START INFORMATION GIVEN

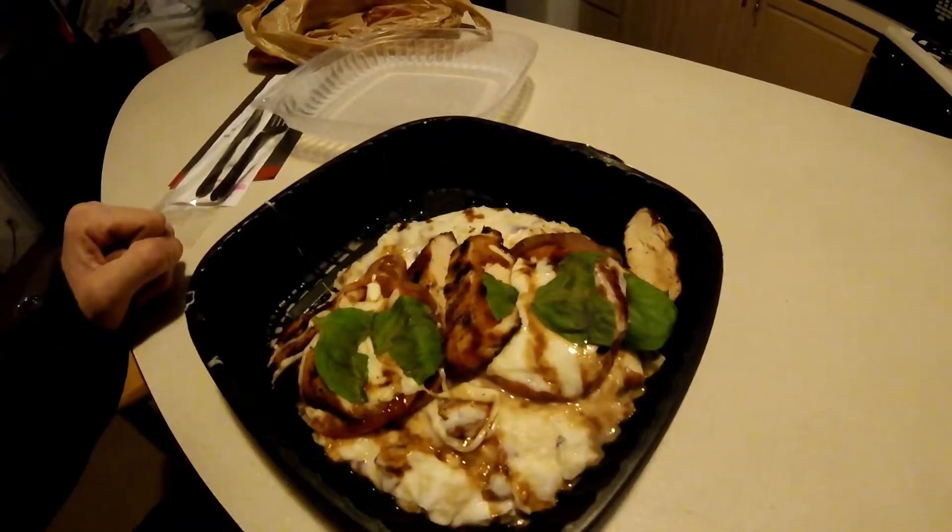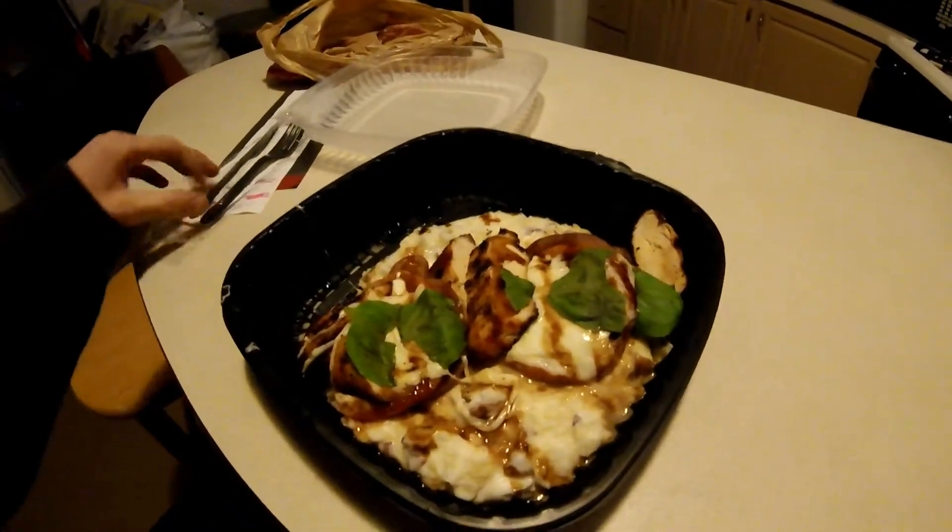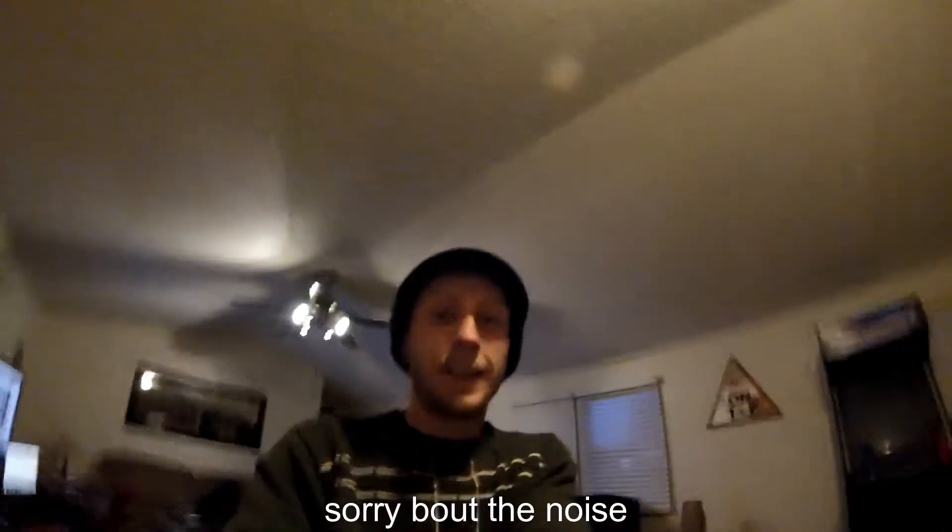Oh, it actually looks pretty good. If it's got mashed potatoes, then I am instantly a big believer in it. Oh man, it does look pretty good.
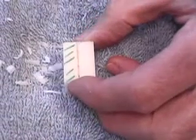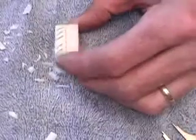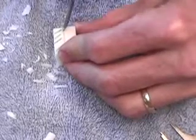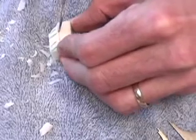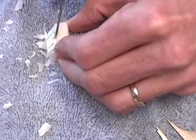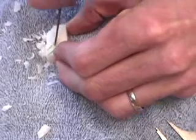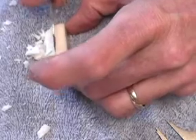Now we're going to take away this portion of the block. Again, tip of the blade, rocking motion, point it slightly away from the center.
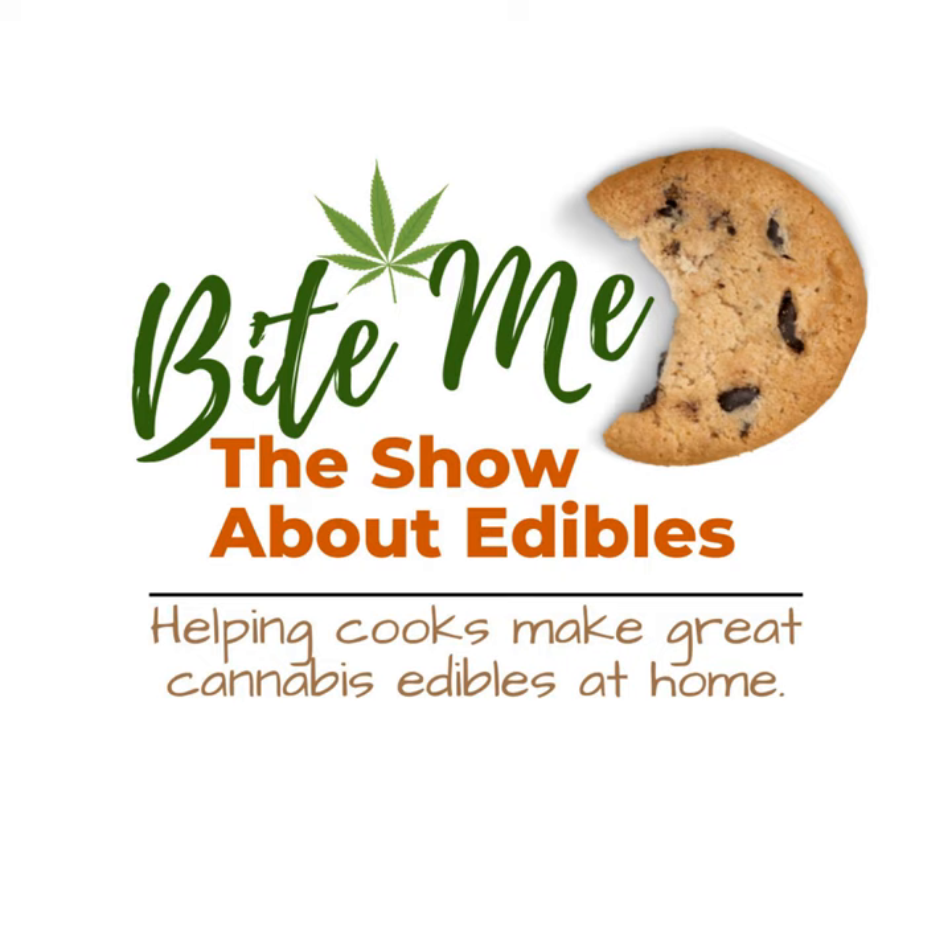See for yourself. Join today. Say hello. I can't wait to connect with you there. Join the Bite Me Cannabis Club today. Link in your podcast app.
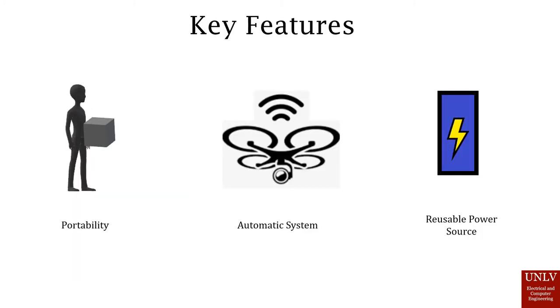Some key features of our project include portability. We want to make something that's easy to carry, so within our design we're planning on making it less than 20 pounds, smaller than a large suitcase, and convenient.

END INFORMATION GIVEN
START INFORMATION GIVEN

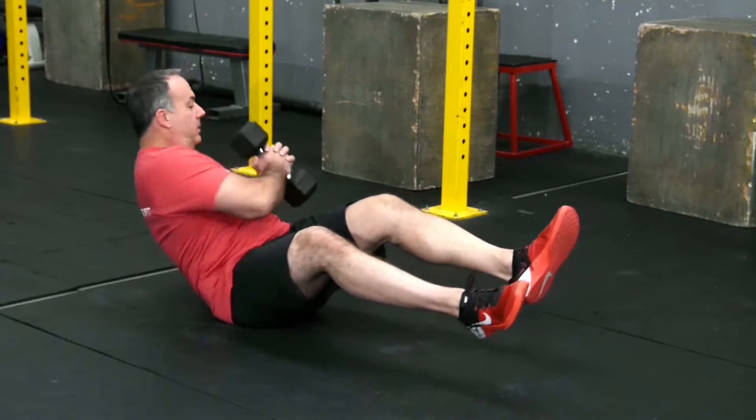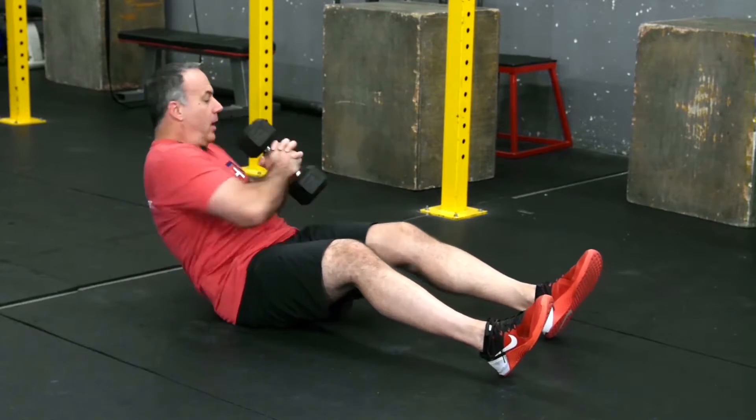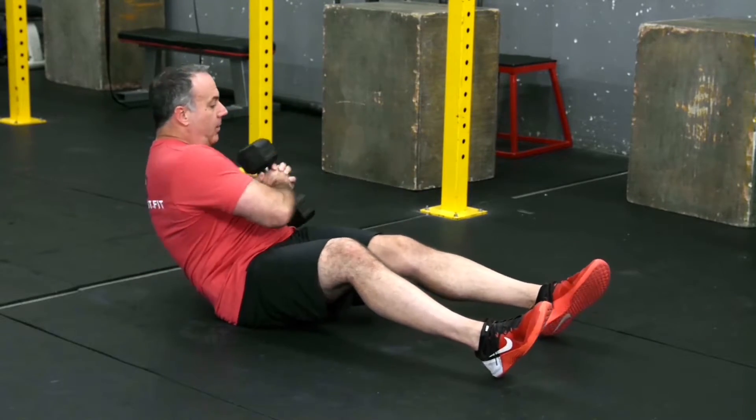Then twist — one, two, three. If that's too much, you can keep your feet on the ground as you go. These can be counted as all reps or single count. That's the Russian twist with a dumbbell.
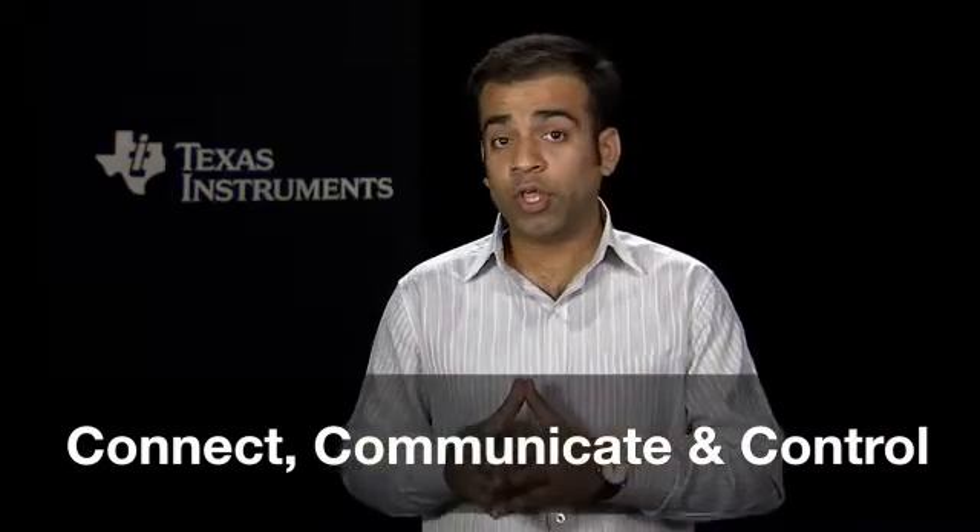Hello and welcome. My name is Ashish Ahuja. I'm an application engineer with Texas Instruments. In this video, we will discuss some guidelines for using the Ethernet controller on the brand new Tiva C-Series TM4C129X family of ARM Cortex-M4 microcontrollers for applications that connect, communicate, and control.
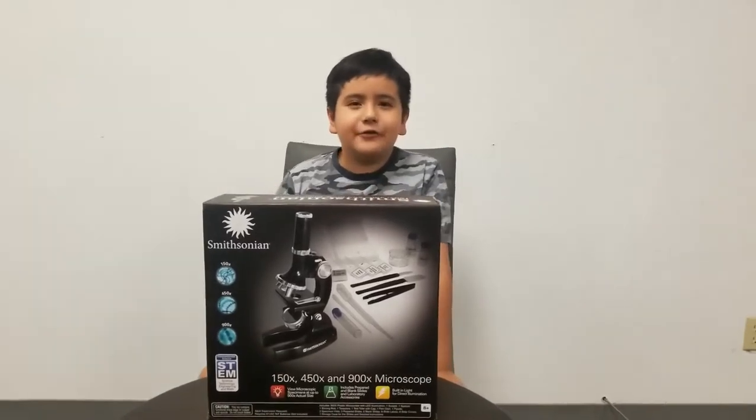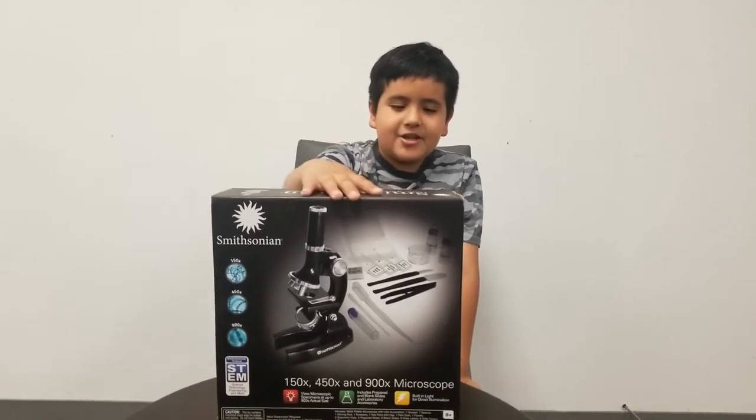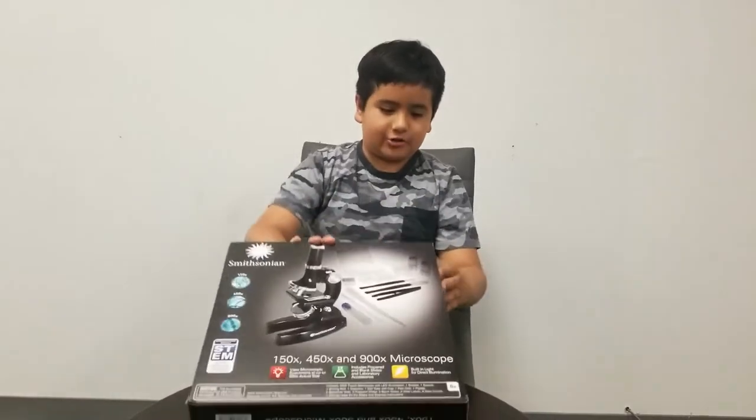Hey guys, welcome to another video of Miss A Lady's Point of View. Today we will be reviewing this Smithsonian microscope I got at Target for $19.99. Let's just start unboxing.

END INFORMATION GIVEN

REQUIRED ACTION: I would like the exact lines from the data above, starting with the one that holds "Oh, it actually" and going on through the one that holds "See for yourself.", without the pictures.

WRITTEN REPLY:
Oh, it actually looks pretty good. If it's got mashed potatoes, then I am instantly a big believer in it. Oh man, it does look pretty good.
Now we're going to take away this portion of the block. Again, tip of the blade, rocking motion, point it slightly away from the center.
See for yourself. Join today. Say hello. I can't wait to connect with you there. Join the Bite Me Cannabis Club today. Link in your podcast app.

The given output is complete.